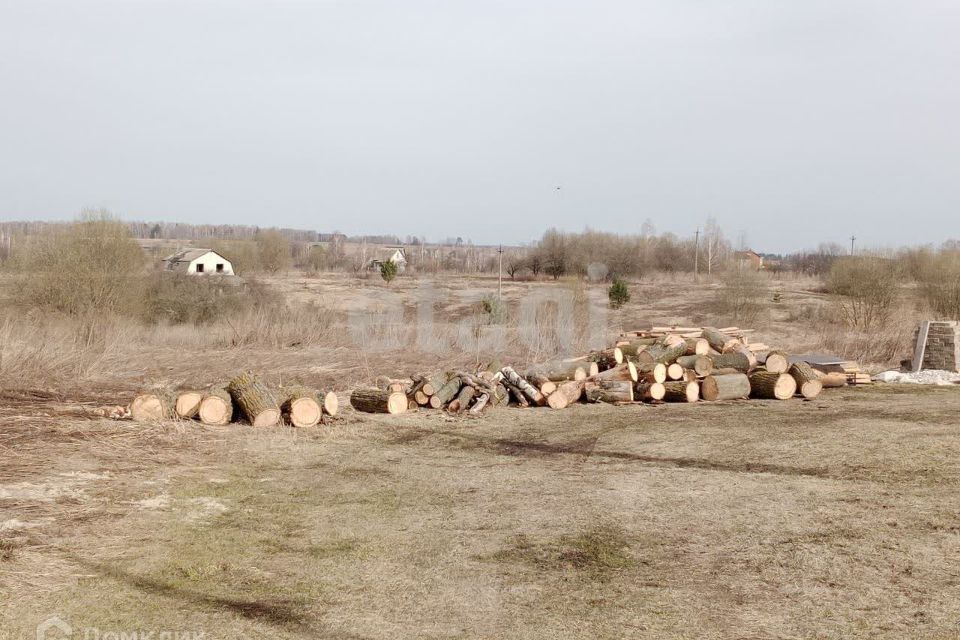 земля р-н Брянский СДТ Радуга-1, 124 фото 3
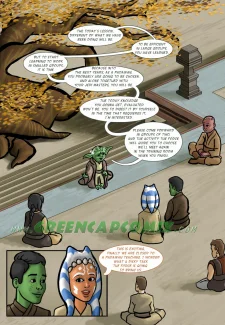 Star Wars- The Force In Depth In The Privacy (3)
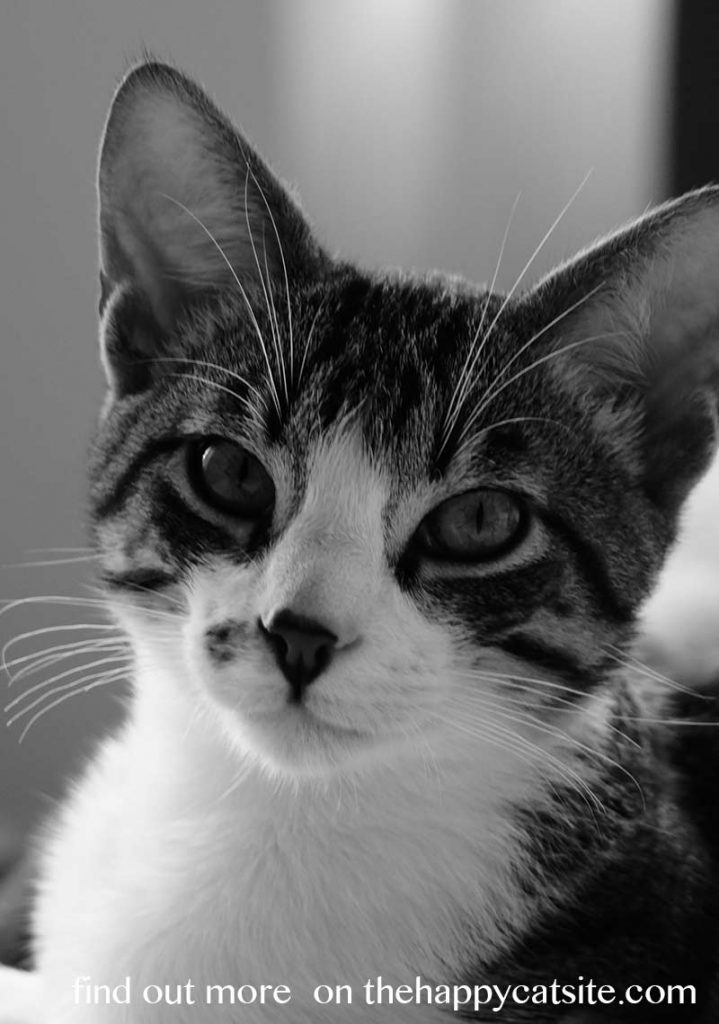 Your Female Cat In Heat A Complete Guide from The Happy Cat Site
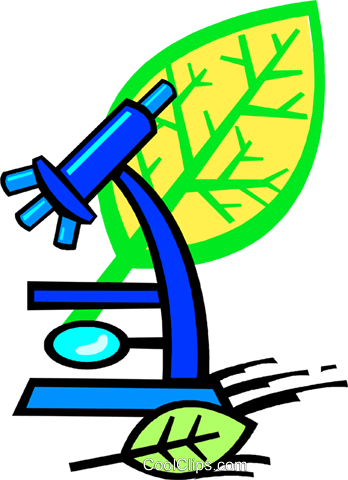 Biology Clipart Cell Biology - Biology Clipart (348x480), Png Download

######

Reproduce the material above verbatim; omit every picture.

The answer:
 земля р-н Брянский СДТ Радуга-1, 124 фото 3
 Star Wars- The Force In Depth In The Privacy (3)
 Your Female Cat In Heat A Complete Guide from The Happy Cat Site
 Biology Clipart Cell Biology - Biology Clipart (348x480), Png Download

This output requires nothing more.